Sebagai seorang istri beliau juga sadar harus selalu mendampingi sang suami baik suka dan duka, mendukung baik material maupun non material (semangat) demi terwujudnya sebuah cita-cita luhur dakwah menyebarkan ajaran Islam, mengajarkan ilmu agama meskipun ditempat terpencil serta mengabdikan diri kepada masyarakat nantinya. Sehingga tidak salah jika KH. Imam Zarkasyi sebagai generasi penerus rintisan pesantren ini pernah mengatakan, “Andaikata muridku tinggal satu, akan tetap kuajar, yang satu ini sama dengan seribu, kalaupun yang satu ini pun tidak ada, aku akan mengajar dunia dengan pena.” Falsafah tersebut bukan tiba-tiba saja muncul tanpa dasar, akan tetapi falsafat tersebut ada karena pendidikan nilai-nilai luhur para nenek moyang beliau yang telah makan asam garam kehidupan pesantren yang kemudian hari turun pula dalam ajaran keluarga maupun dalam pesantren. Pribadi seorang pendidik sejati memang tidak akan pernah berhitung untung dan rugi, tidak akan berhitung seberapa banyak jumlah santri, hal penting yang perlu dipegang oleh setiap pendidik adalah mendakwahkan agama, ilmu dan mengamalkan ilmu yang didapat kepada ummat dimanapun tempat kaki berpijak.

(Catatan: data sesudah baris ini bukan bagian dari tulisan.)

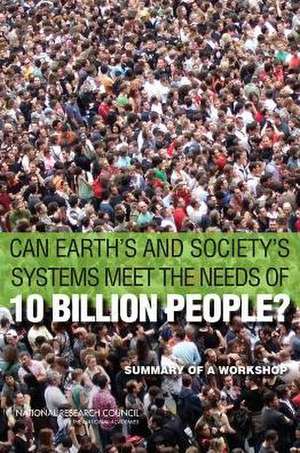 Can Earth's and Society's Systems Meet the Needs of 10 Billion People?: Summary of a Workshop de Board on Environmental Change and Societ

Begitu pula mengenai sosok pendamping seorang guru KH. Ahmad Sahal juga pernah menegaskan, “Calon istri yang akan kesini itu ngrewangi opo ngrusuhi? (Calon istri yang akan kesini, membantu atau membuat rusuh)”, betapa beliau sangat menegaskan nilai-nilai perjuangan yang dihadapi kedepan dengan memperkokoh fondasi keluarga pondok, menjaga dari kemungkinan terburuk sehingga pondok tidak mudah goyang jika suatu saat diterpa angin kencang.
Nyai Jemitun sadar perjuangan suaminya merintis sebuah pesantren tidaklah mudah apalagi mengawalinya dari nol, tahapan demi tahapan perjuangan mendukung suaminya terus dijalankan meskipun seluruh harta yang dimilikinya harus habis seluruhnya, dalam benak beliau sangat ingin pengorbanan amalnya (materi/ non materi) tercatat sebagai amal jariyah yang akan membawa beliau kelak ke Surga, oleh karena itu beliau tetap terus bersabar, telaten dan juga berdoa agar kelak pesantren rintisan tersebut benar-benar dapat bermanfaat bagi masyarakat Gontor dan juga ummat.